## 1.5 Combining Data from Multiple Tables

In [22]:
import pandas as pd

## Introduction

Welcome to our introduction to cleaning data! Real-world data is messy. For example, business data is often entered manually by humans. Humans can be somewhat inconsistent in the way that they enter the data. For example, when writing company names, at times they might write Apple, Inc., and at other times they might just write Apple. If we are trying to find the number of times Apple is included in a dataset and only consider the first possibility—Apple, Inc.—we will not obtain a proper count of the number of occurrences of Apple.

Luckily, we can take some steps to clean up datasets. In this lesson, we will go through a synthetic dataset of companies that have been selected for a recent regulatory investigation.
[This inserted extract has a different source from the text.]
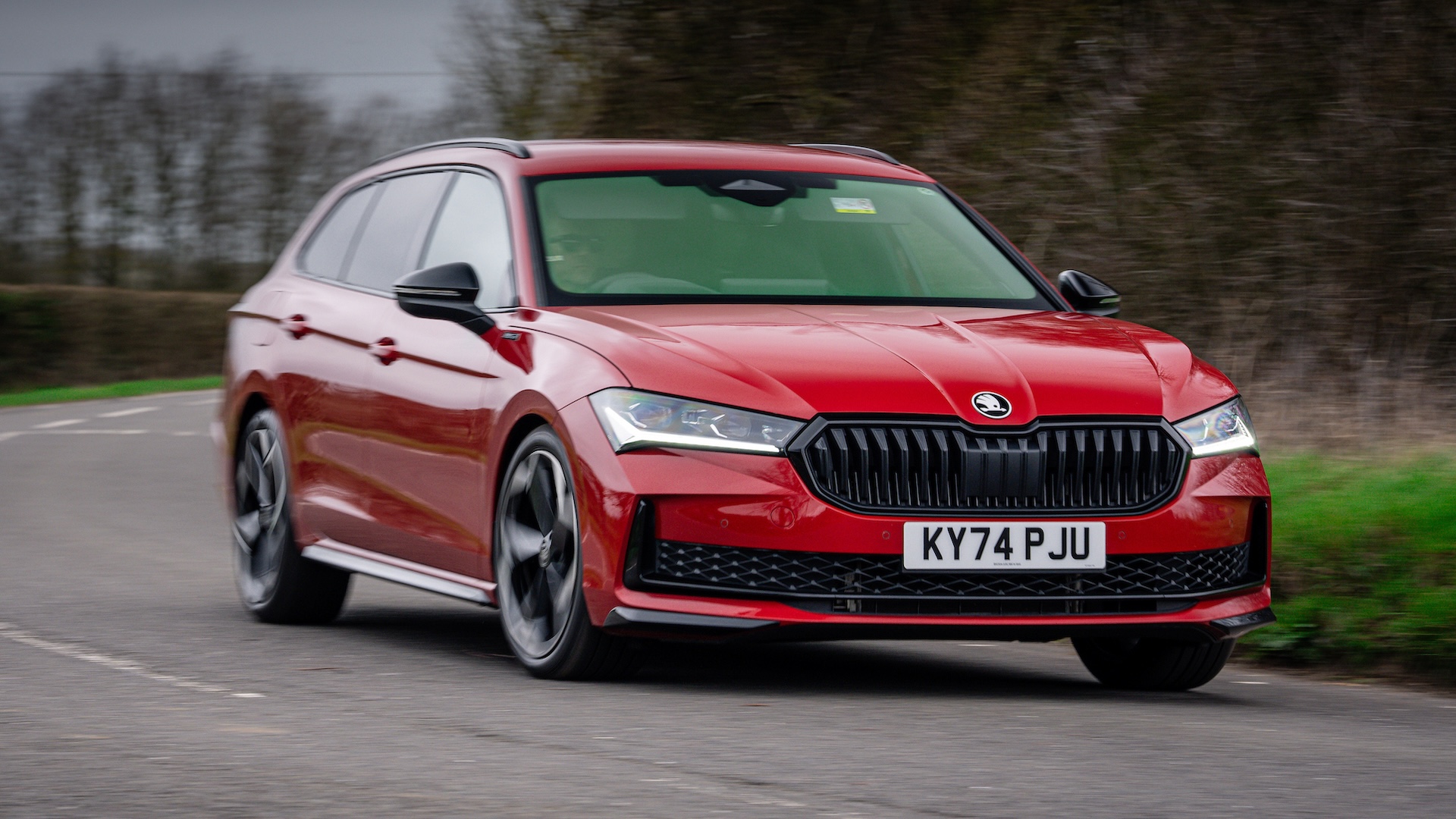 Skoda Superb Sportline 2026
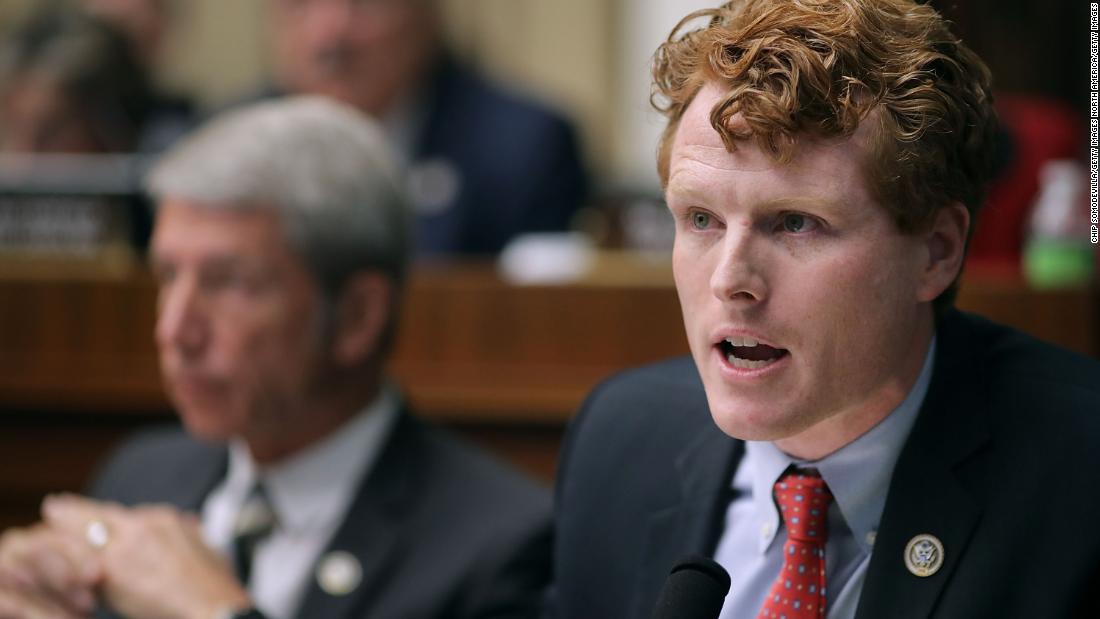 Meet Joe Kennedy, who will deliver the Dem SOTU response CNNPolitics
For each industry represented in the dataset, we will seek to obtain the average tax revenue produced for the companies within that industry.

## Regulatory Investigation: Tax Revenue Analysis

You will get your first taste for data cleaning by seeing it in action. There are some core concepts of data cleaning that we will lay out later on, but data cleaning ultimately relies on an intimate and careful understanding of the data we are working with. By looking at our data and thinking about what we want to do with it, we can determine how we have to clean it.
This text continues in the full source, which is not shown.